Okay so who's seen this? Adam Curtis' latest film, took me a couple of viewings to get my head around what he is saying........
'We live in a time of great uncertainty and confusion. Events keep happening that seem inexplicable and out of control. Donald Trump, Brexit, the War in Syria, the endless migrant crisis, random bomb attacks. And those who are supposed to be in power are paralysed - they have no idea what to do.
This film is the epic story of how we got to this strange place. It explains not only why these chaotic events are happening - but also why we, and our politicians, cannot understand them.
It shows that what has happened is that all of us in the West - not just the politicians and the journalists and the experts, but we ourselves - have retreated into a simplified, and often completely fake version of the world. But because it is all around us we accept it as normal.'
http://www.bbc.co.uk/programmes/p04b183c
' social media created filters, complex algorithms that picked out what people liked, then fed more of the same back to them. In the process individuals began to move, without noticing, into bubbles that isolated them from enormous amounts of information, they only heard and saw what they liked. Increasingly news feeds excluded anything that might challenge their pre-existing ideas'
The piece is one of rare beauty - surpassing even Bitter Lake in this respect - which presents a compelling perspective: we all now encounter reality as a cut-up, fragments of disjointed information detatched from context, arranged without an objective pattern, from which we strive to extract meaning, reassembling haphazardly to construct our subjective experience.

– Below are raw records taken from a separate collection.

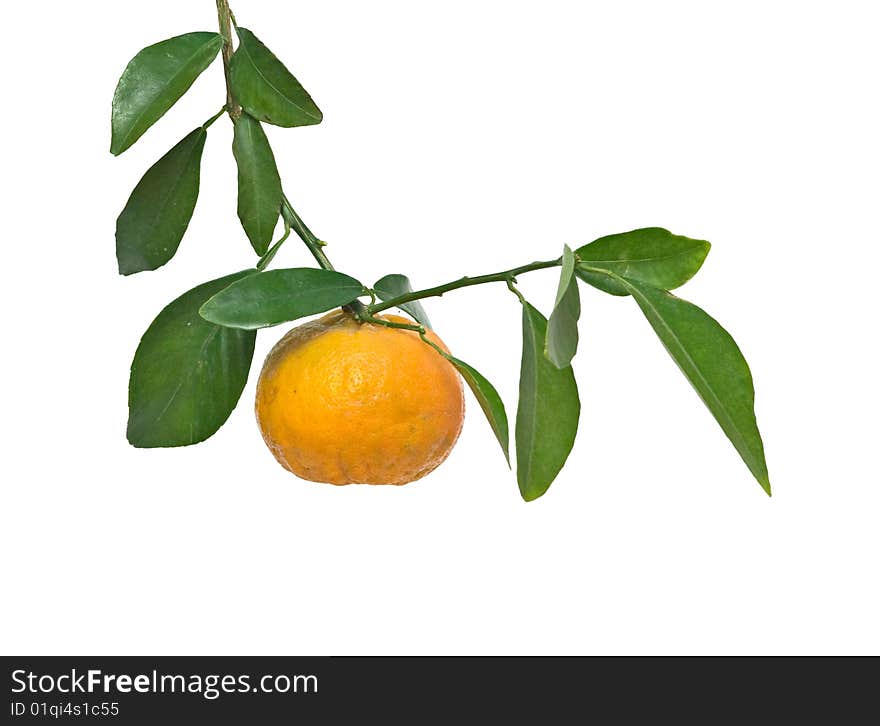 Tangerine  on branch isolated on white background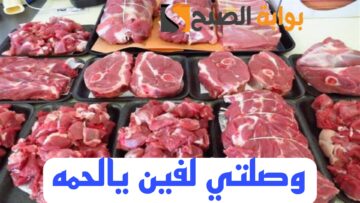 “بكام اللحمة ياعم”.. تعرف على اسعار اللحوم اليوم الجمعه 9 فبراير 2024 في مختلف الاسواق!!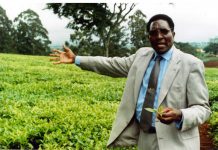 Inside battle for Nginyo Kariuki’s Sh4 billion empire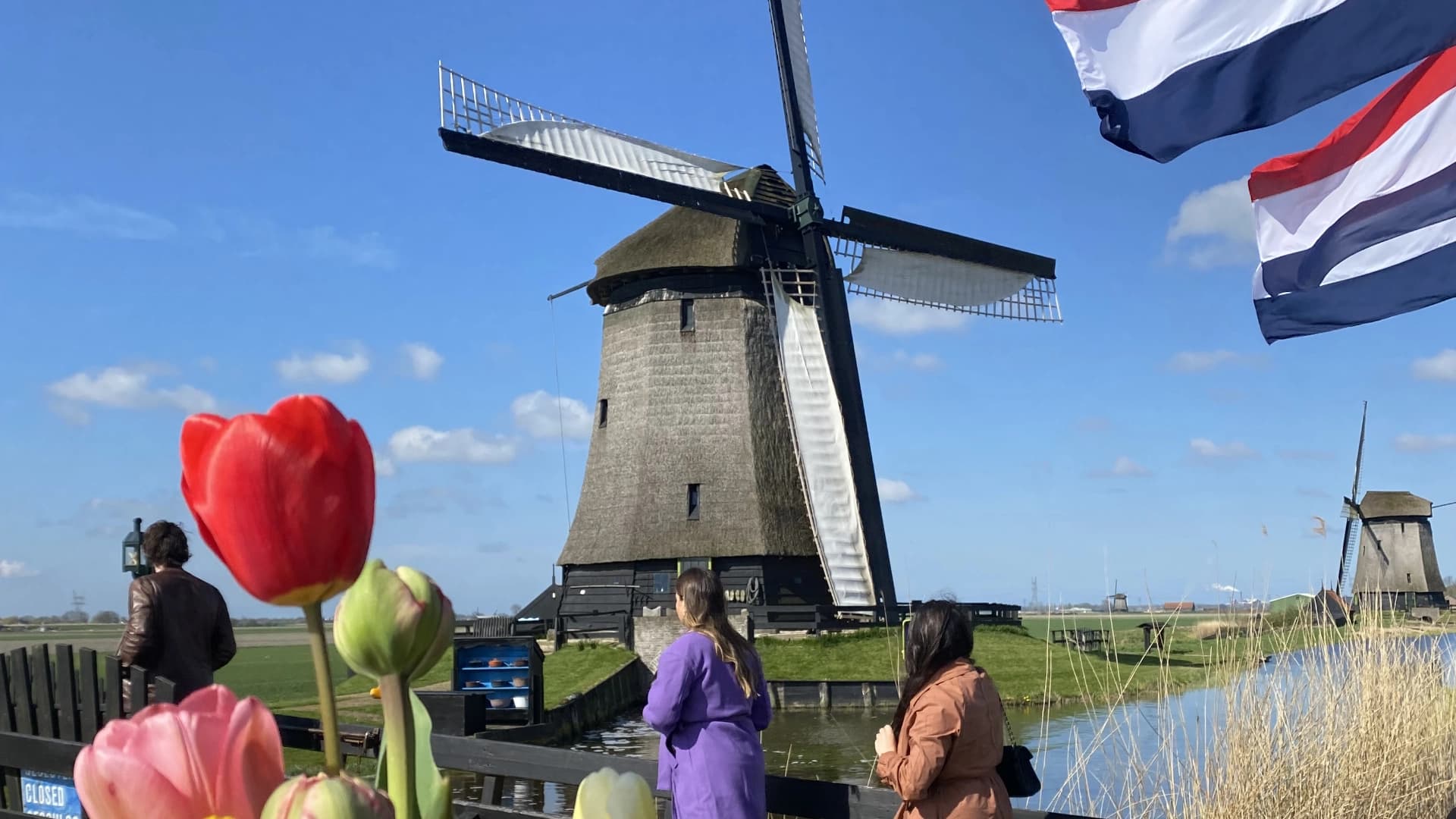 Discover the Netherlands with Tulip Tours Holland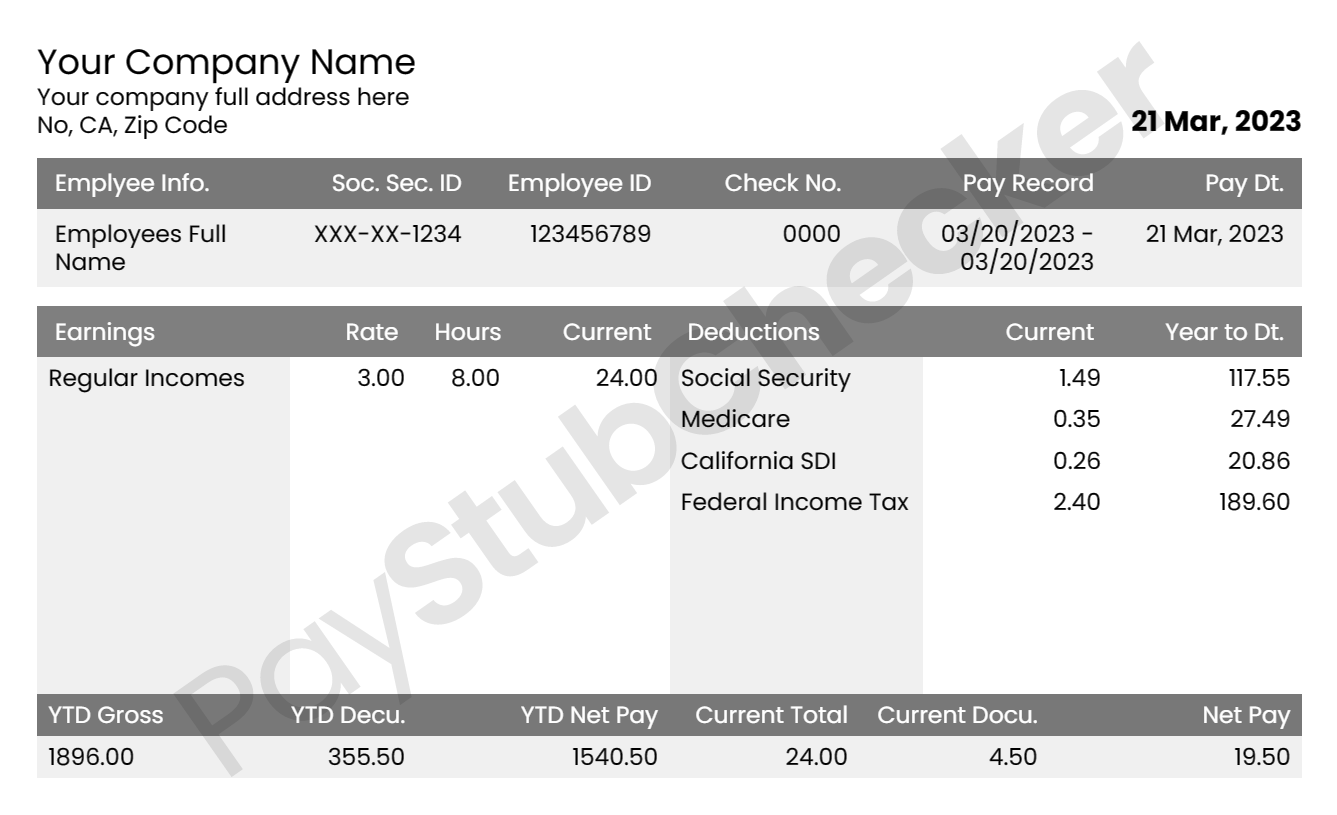123 Pay Check Stub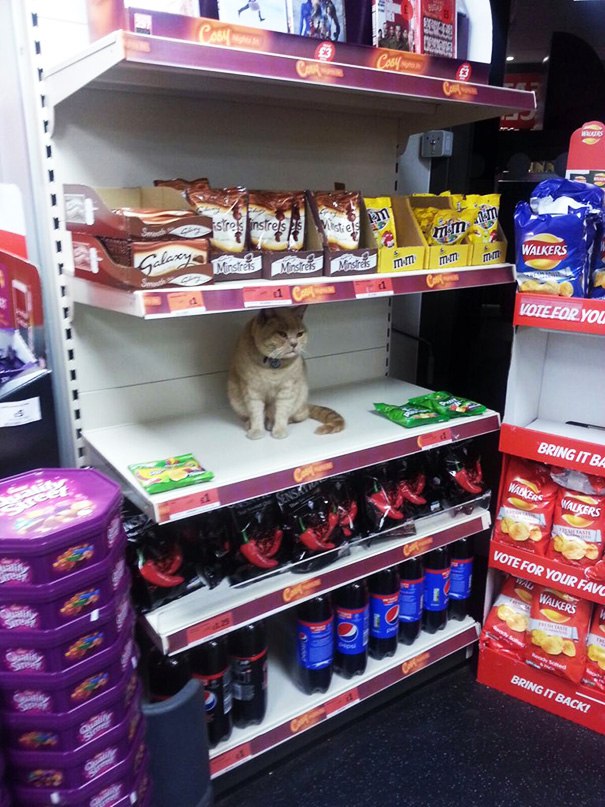 Крутой кот, который отказывается уходить из супермаркета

Last edited by adorable homunculus (2016-12-01 23:19:41)
Last edited by 4F Hepcat (2016-12-02 01:55:03)
The spoof made me smile.
However, any distinctive work can be pastiched - the more distinctive the work the easier the pastiche becomes.
Of course, Curtis' references very much inhabit my own well-worn prejudices and tastes - alarmingly so upon occasion - I cannot expect to be anything other than beguiled by his spiel.
Last edited by adorable homunculus (2016-12-02 02:04:40)
My mate Gavin ( his band is called 'worriedaboutsatan') was 'music supervisor' on Bitter Lake and Hypernormalisation,
A lot of those ominous electronic drone backing 'beds' ( bits of Burial, Pye Corner Audio and a load of old Eno were looped and edited to fit the film sequences at my old studio.
They are currently working on inserts for Charlie Brooker's 'Screenwipe 2016' and another short film for Vice due in Feb 2017.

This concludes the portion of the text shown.